# KYORITSU 2004 - Zangenamperementer



## ToBo (20 Februar 2011)

Hallo,

schreibe das mal hier rein, weil ich kein besser passendes Unterforum gefunden
haben.

Möchte ein folgendes Zangen-Amperemeter kaufen.

KYORITSU Modell 2004

http://www.kew-ltd.co.jp/en/products/clampmeters/2004.html

Kennt jemande den Hersteller und vielleicht das Modell und kann mir seine
Erfahrungen berichten ?

Gruss.

ToBo


----------



## ToBo (23 Februar 2011)

Kennt wirklich kein Mensch diese Firma ?


----------



## lorenz2512 (27 Februar 2011)

hallo,
die sieht genauso wie unsere voltcraft zange aus, und hat auch die gleichen merkmale, und die zange taugt nichts, gehäuse fällt auseinander, sehr ungenau.


----------



## maxi (28 Februar 2011)

Persönlich kann ich dir zu Fluke und die Gossen Metrawat raten.

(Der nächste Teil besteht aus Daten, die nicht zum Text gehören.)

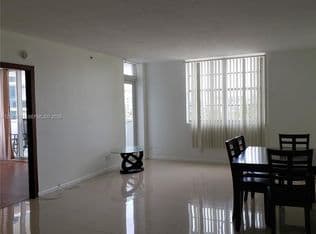 2+1 Condo — 3001 S Ocean Dr APT 527, Hollywood, 33019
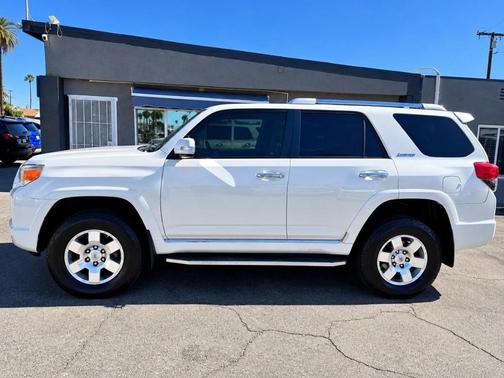 Blizzard Pearl Metallic 2013 Toyota 4Runner Limited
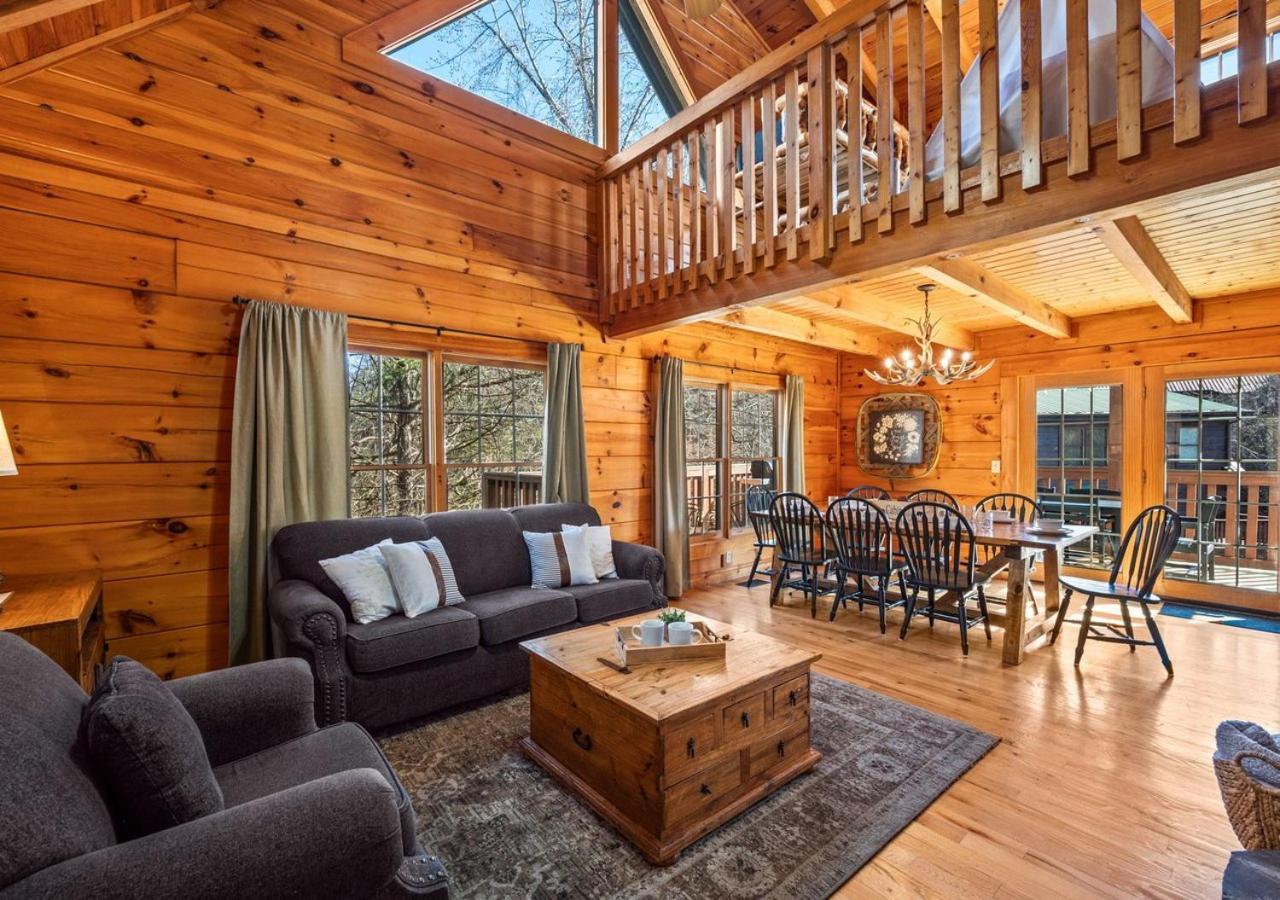 Holiday home Family Friendly, Dollywood, Cal Ripken, Hot Tub Pigeon Forge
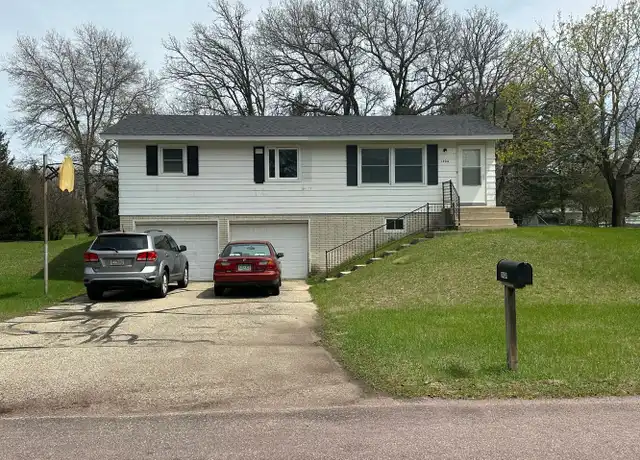 Property at 1404 52nd Ave SE, Rochester, MN, 55904, 3 beds, 1 bath, [object Object]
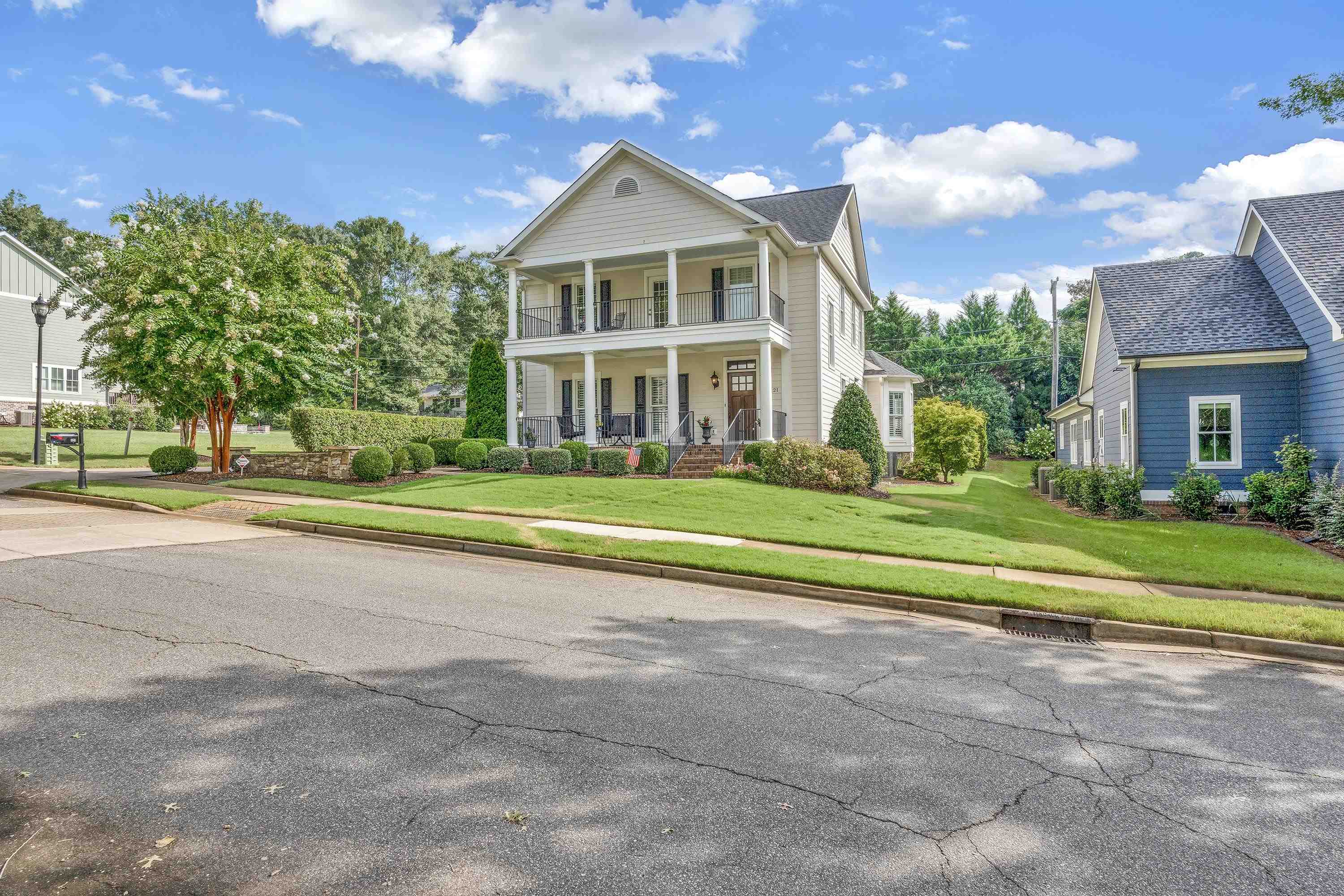Spartanburg, South Carolina, 29302, United States, 4 Bedrooms Bedrooms, ,4 BathroomsBathrooms,Residential,For Sale,1907003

Habe ein neues Modernes, für 200 Euro,  und ein altes (über 20 Jahre Alt nun),  für damals 700 DM, Modell von Fluke und bei beiden niemals Probleme aufgetreten.

Die von Benning sollen auch nicht schlecht sein.

Von Billiggeräten rate ich dir ab, da du dann nie 100% sicher sein kannst das der gemessene Wert wirklich den reelen Wert entspricht.

Aber kommt halt immer darauf an wie genau du messen musst, wie oft und unter welchen Bedingungen. Für manche Anwendungen würd es ein 20 Euro Aufsatz auch tun 


Hoffe ist dir hilfreich.


----------